406-752-5566 | 800-406-7544
345 1st Avenue East, Kalispell, Montana 59901

Deadline Approaching to File Libby Asbestos Claims

January 7, 2018

People who were diagnosed with Libby asbestos-related disease prior to Feb. 25, 2015, have until Feb. 25 this year to file a claim against W.R. Grace & Co. as part of the company’s bankruptcy proceedings.

A personal injury trust was set up with a three-year time frame as part of the Grace bankruptcy proceedings to handle personal injury claims, according to Roger Sullivan, an attorney with the Kalispell law firm McGarvey, Heberling, Sullivan & Lacey, which represents a majority of Libby claimants whose asbestos-related disease is linked to exposure from the defunct vermiculite mine Grace operated for decades near Libby.

In Montana, the statute of limitations to file a claim is three years from the date of diagnosis of an injury. In this case the injury is asbestos-related disease.

“Because of the bankruptcy proceedings, many folks who have been diagnosed with asbestos-related disease more than three years ago have had the statute of limitations tolled as to claims against Grace,” Sullivan said. “However, once the trust began accepting claims, the statute began to run.”

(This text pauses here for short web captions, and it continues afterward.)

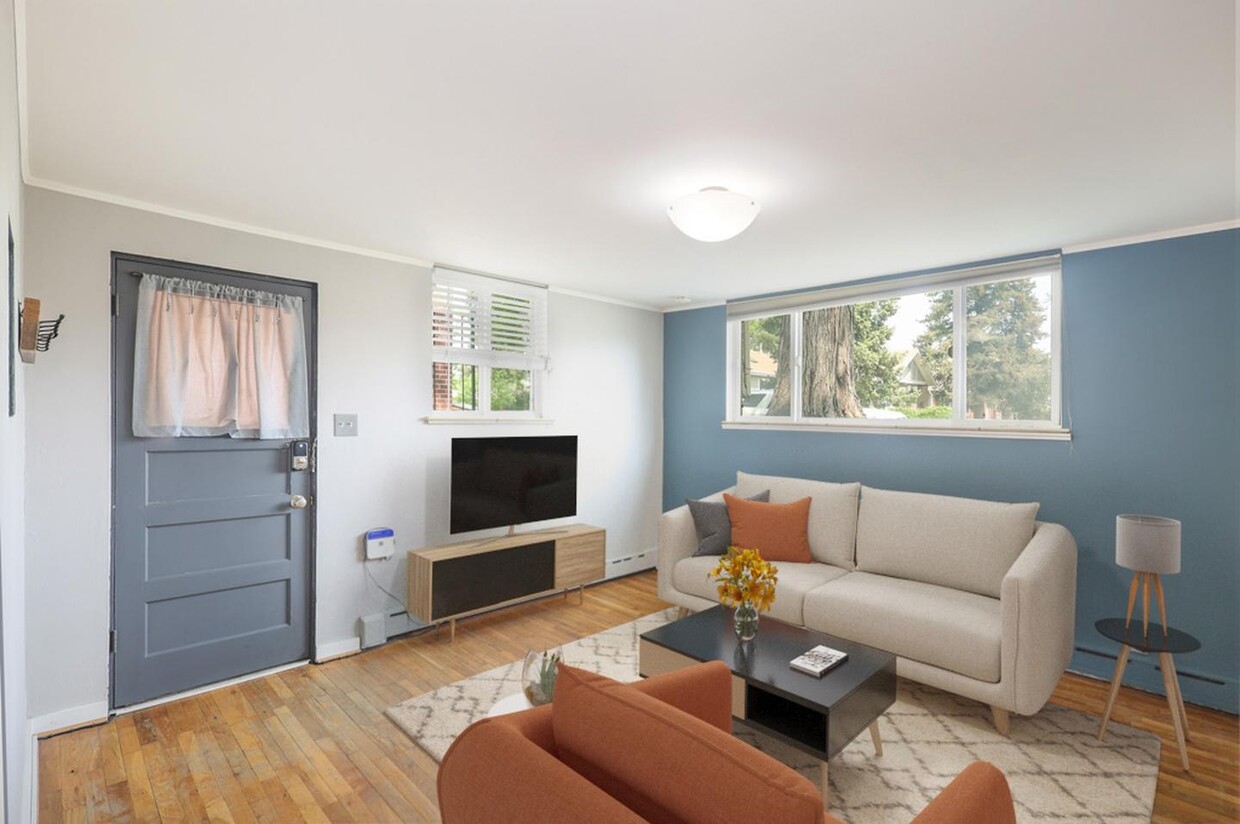 Primary Photo - Spacious 1 bed/1 bath apartment near Tenny...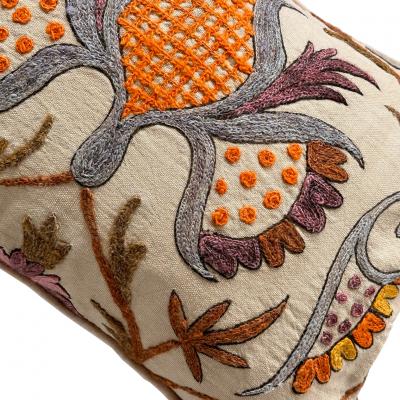  Threads Soft Goods Antique Crewel Embroidery Pillow 13x20 England 352b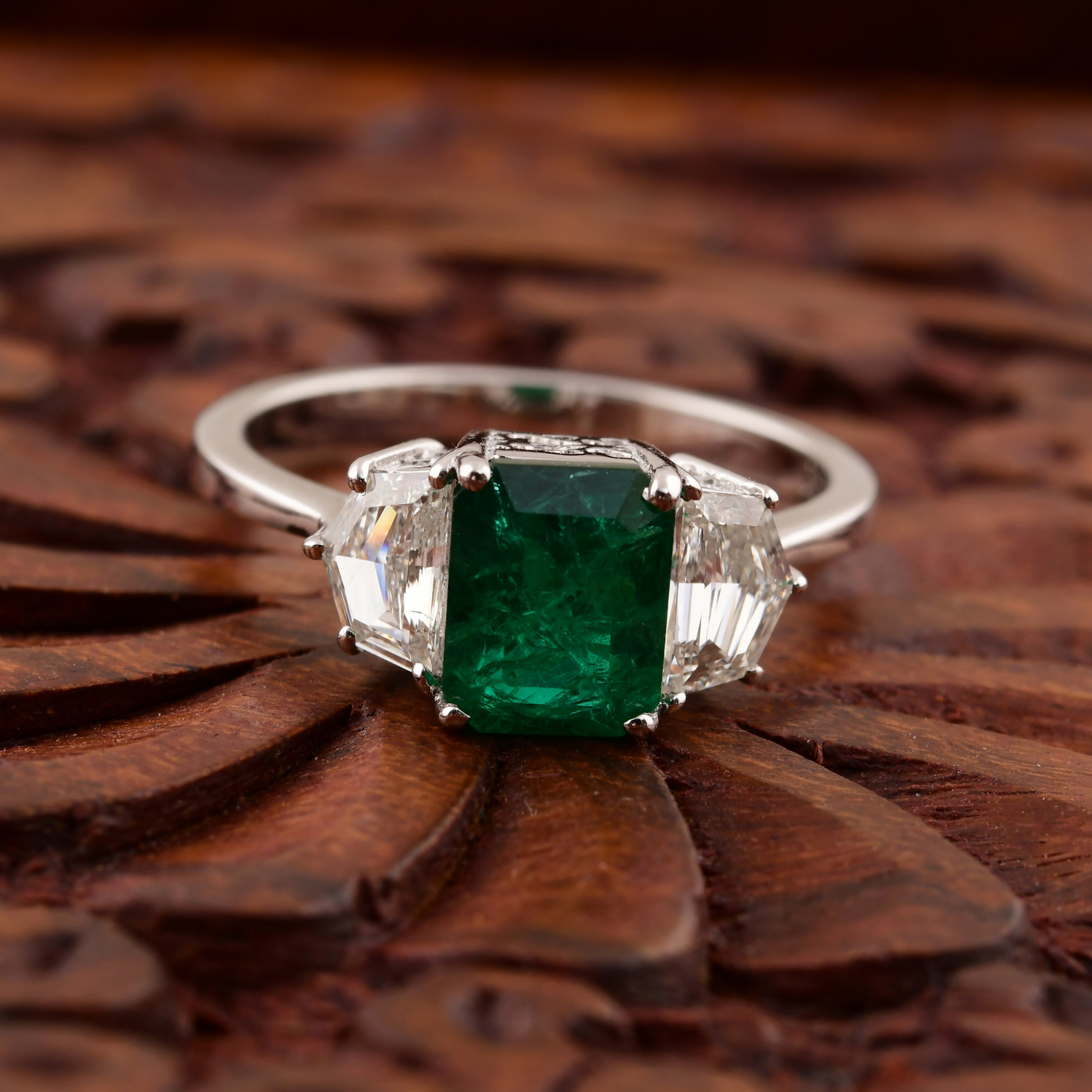Handmade Natural Zambian Emerald Gemstone 2.14 Tcw SI/HI Diamond Ring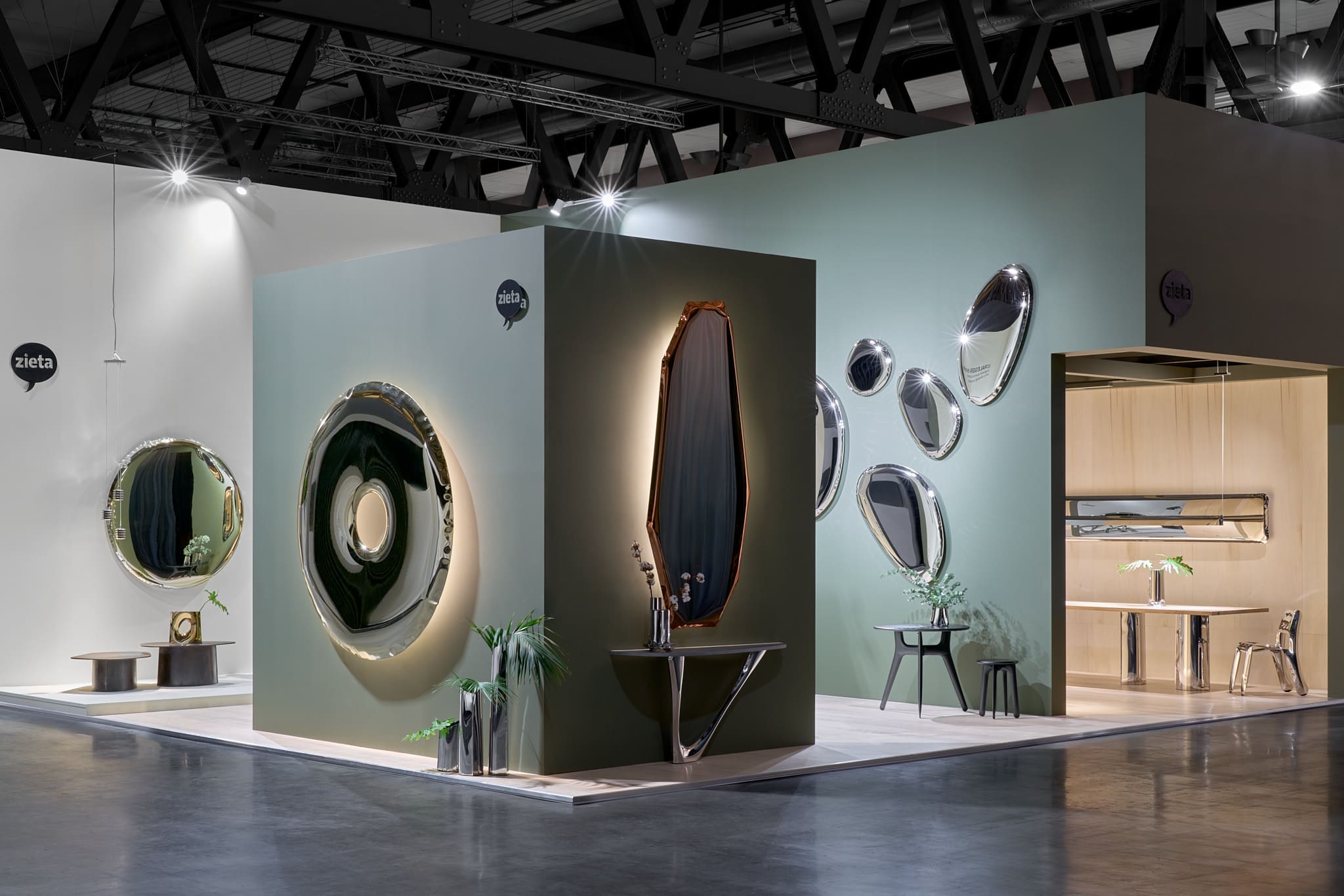 Rondo mirror in light gold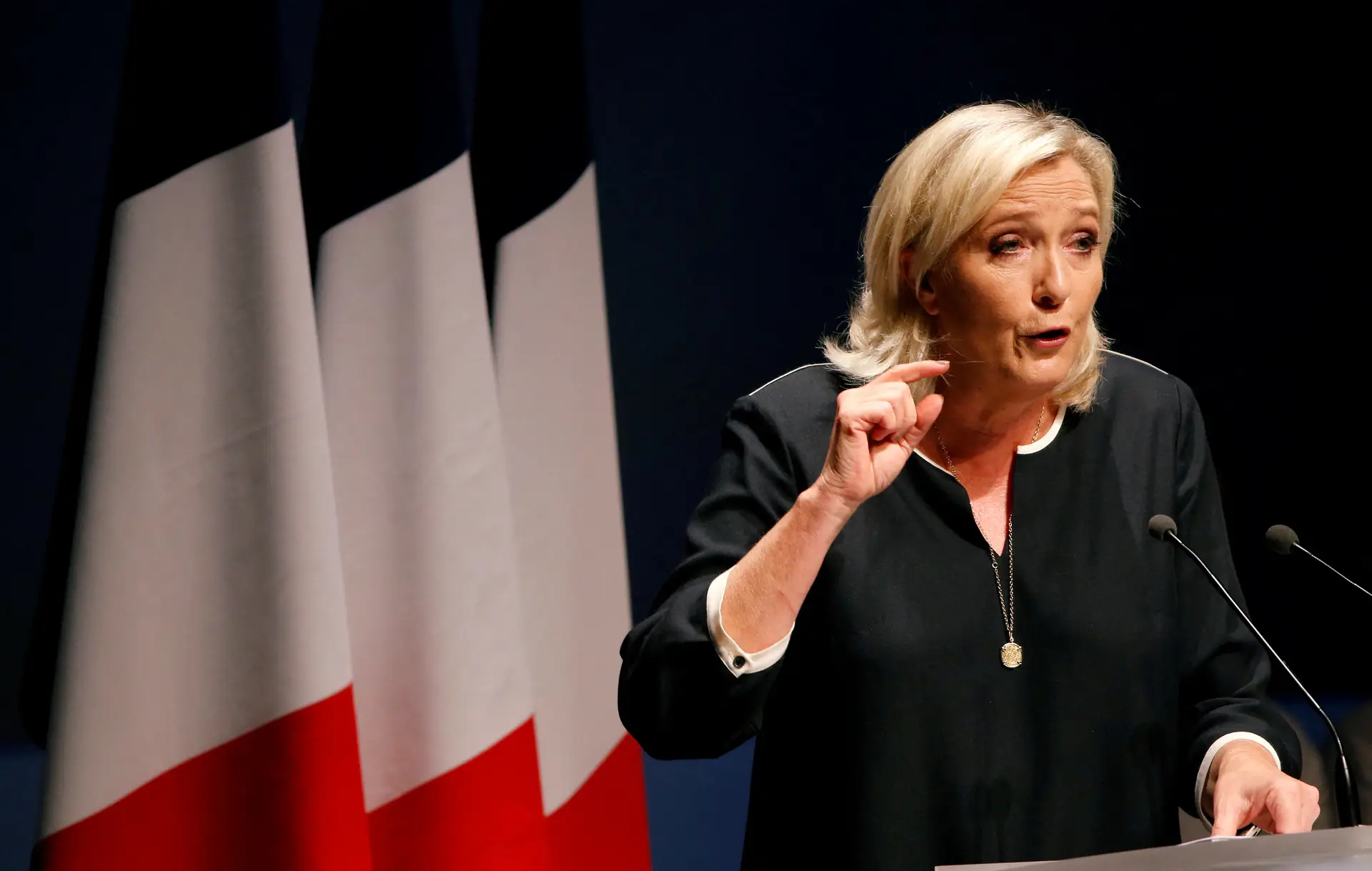 Marine Le Pen cede presidência da União Nacional, mas não o controlo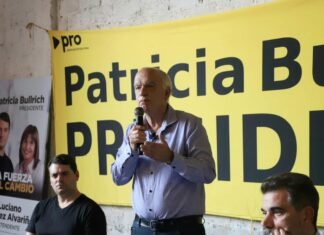 En Echeverría, Grindetti anunció: «Nuestra boleta expresa un cambio profundo de punta a punta, desde Patricia hasta el último concejal»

As an example, if a person was diagnosed with asbestos-related disease in 2008, but hasn’t hired an attorney and therefore has had no claims filed, his statute of limitations on claims other than Grace probably ran in 2011, Sullivan said, noting there are exceptions.

Because of the bankruptcy tolling, the claims against the Grace trust won’t expire until Feb. 25, 2018.

If a claimant does not file a claim before Feb. 25, “he will not have a single entity to recover against for his asbestos-related disease,” Sullivan explained.

“The reason why we’re doing our best to put out the word is because some people who have been diagnosed do not have any significant pulmonary impairment,” Sullivan said. “This is primarily because of CARD’s [Center for Asbestos Related Disease] early detection of disease. They may have a small spot on their lungs and meet the diagnostic criteria for asbestos-related disease, but it isn’t impacting their life in any significant way.

“Additionally, for some younger folks there may be an element of avoidance,” Sullivan continued. “They have seen their grandparents and parents go through the disease and simply don’t want to admit they have a disease. This is an understandable human response … but the consequence is that if someone does end up progressing in the future, and they have been diagnosed with a disease more than three years ago, they will probably have no recompense against any entity, including the primary culprit.

Because of delay in consulting with an attorney, we’re already seeing that some of our new clients only have a claim against Grace because the statute has run on other potential defendants.”

Sullivan said if a person with Libby asbestos-related disease is a client of the McGarvey, Heberling, Sullivan & Lacey law firm, a claim already has been filed on those clients’ behalf. The firm has filed 2,200 claims to date that relate to Libby asbestos exposure.

Lung screenings have been ongoing for years at the CARD clinic in Libby, with about 8,300 people screened to date.